In situ trap properties in CCDs: the donor level of the silicon divacancy

Hall, D.J.; Wood, D.; Murray, N.J.; Gow, J.P.D.; Chroneos, A. and Holland, A. (2017). In situ trap properties in CCDs: the donor level of the silicon divacancy. Journal of Instrumentation, 12, article no. P01025.



The silicon divacancy is one of the main defects of concern in radiation damage studies of Charge-Coupled Devices (CCDs) and, being immobile at room temperature, the defect is accessible to a variety of characterisation techniques. As such, there is a large amount of (often conflicting) information in the literature regarding this defect.
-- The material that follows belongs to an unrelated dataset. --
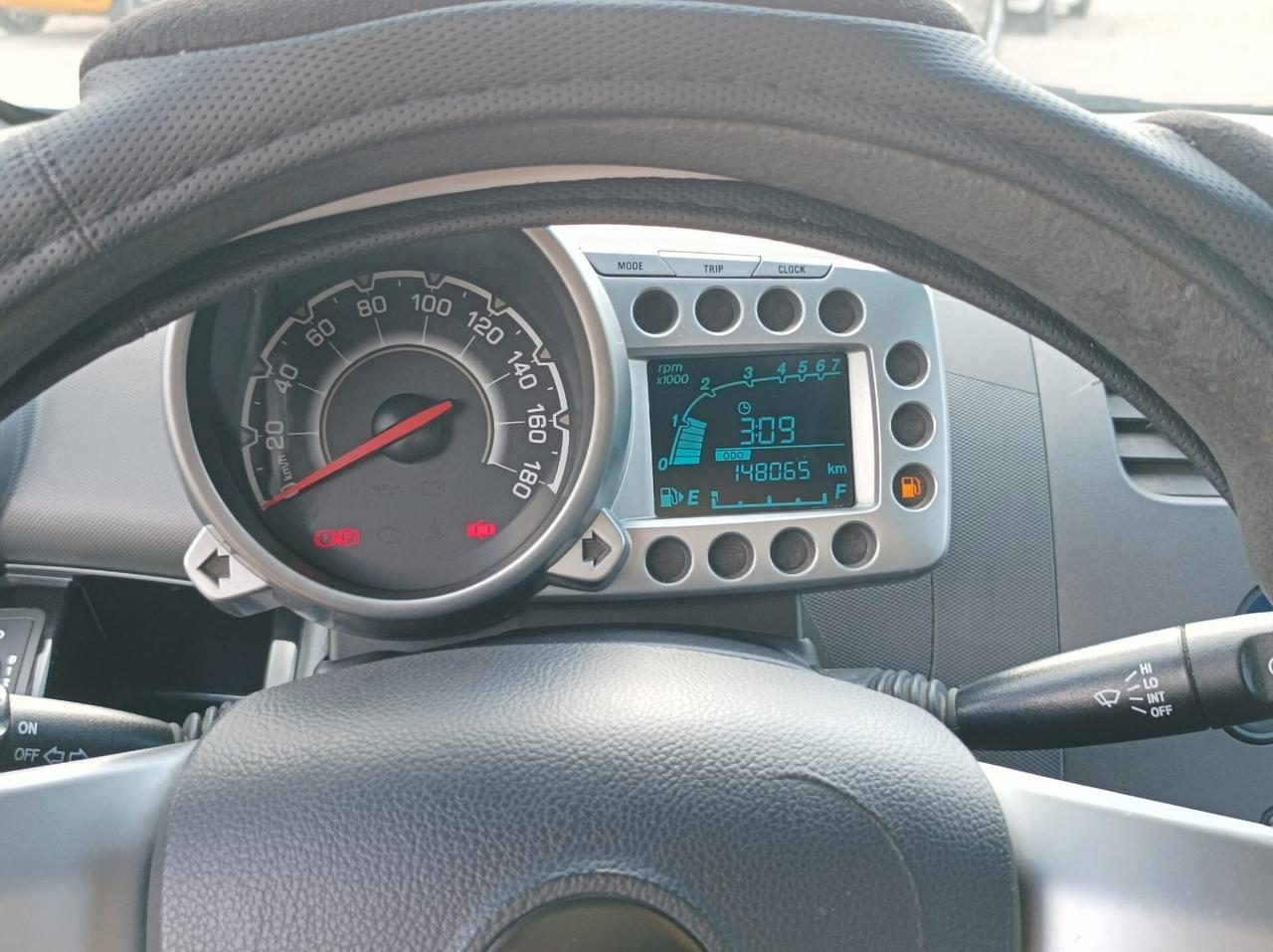 Chevrolet Spark 1.0 LS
Here we study the donor level of the divacancy, one of three energy levels which lie between the silicon valence and conduction bands. The donor level of the divacancy acts as a trap for holes in silicon and therefore can be studied through the use of a p-channel CCD.

The method of trap-pumping, linked closely to the process of pocket-pumping, has been demonstrated in the literature over the last two years to allow for in-situ analysis of defects in the silicon of CCDs. However, most work so far has been a demonstartion [sic] of the techinique [sic]. We begin here to use the technique for detailed studies of a specific defect centre in silicon, the donor level of the divacancy. The trap density post-irradiation can be found, and each instance of the trap identified independently of all others. Through the study of the trap response at different clocking frequencies one can measure directly the defect emission time constant, and through tracking this at different temperatures, it is possible to use Shockley-Read-Hall theory to calculate the trap energy level and cross-section.

A large population of traps, all with parameters consistent with the donor level of the divacancy, has been studied, leading to a measure of the distribution of properties. The emission time constant, energy level and cross-section are found to have relatively large spreads, significantly beyond the small uncertainty in the measurement technique. This spread has major implications on the correction of charge transfer inefficiency effects in space applications in which high precision is required.